In a farewell speech to supporters of his AK party, Turkish president-elect Recep Tayyip Erdogan said its mission to reshape the nation would go on after he left party politics and took office as head of state.
Erdogan's supporters see him as a hero who has restored religious values to public life long dominated by the secular ideals of Mustafa Kemal Ataturk, who founded the modern republic in 1923. Critics, including Western-facing, secular Turks, fear an increasingly authoritarian state.
Erdogan, who is to be inaugurated as president today, said that yesterday was the birth of a new Turkey.
He dismissed suggestions that a new cabinet led by incoming prime minister and new AK party leader Ahmet Davutoglu would be a "caretaker" government and he made clear its priorities would not deviate from the path he had set as premier.

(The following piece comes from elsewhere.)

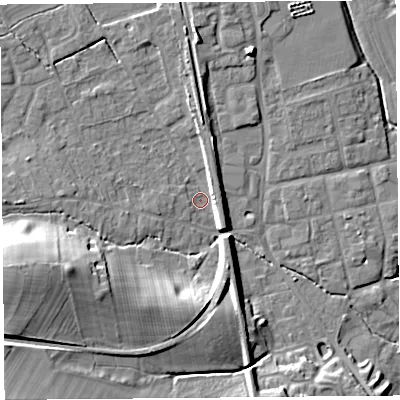 Shaded relief map of the ground around SY79RD, computed from Environment Agency LiDAR. The ground here sits at about 119 m above sea level and falls 21 m across the surrounding 800 m. Surface water reaching this point runs off ground lying to the west-south-west, 15.4 m higher.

"What is changing today is the form, not the essence. The mission which our party has assumed, the spirit of its cause, its goals and ideals are not changing," Erdogan said in his last speech as leader of the movement he co-founded 13 years ago.
Erdogan forged the AK party as a coalition of conservative religious Muslims, nationalists and reforming centre-right elements in 2001 in what was later heralded as a potential model for political Islam.
Under the constitution, Erdogan must cut his ties to the party as president, and sceptics question how tightly it can hold together without his rigid leadership.
Thousands of AK faithful attended the party congress in Ankara and thousands more watched the heavily choreographed event, which opened with a film charting Erdogan's political career, on large screens under blazing sunshine outside.
Davutoglu, the outgoing foreign minister, was the only candidate to replace Erdogan as party leader, winning with 1,382 votes. The remaining six votes were ruled invalid.
Davutoglu promised to keep the party united, press ahead with a Kurdish peace process, and maintain Turkey's efforts towards EU membership.
Erdogan has made clear he intends to stay politically active and wield greater power than predecessors, whose role was largely ceremonial.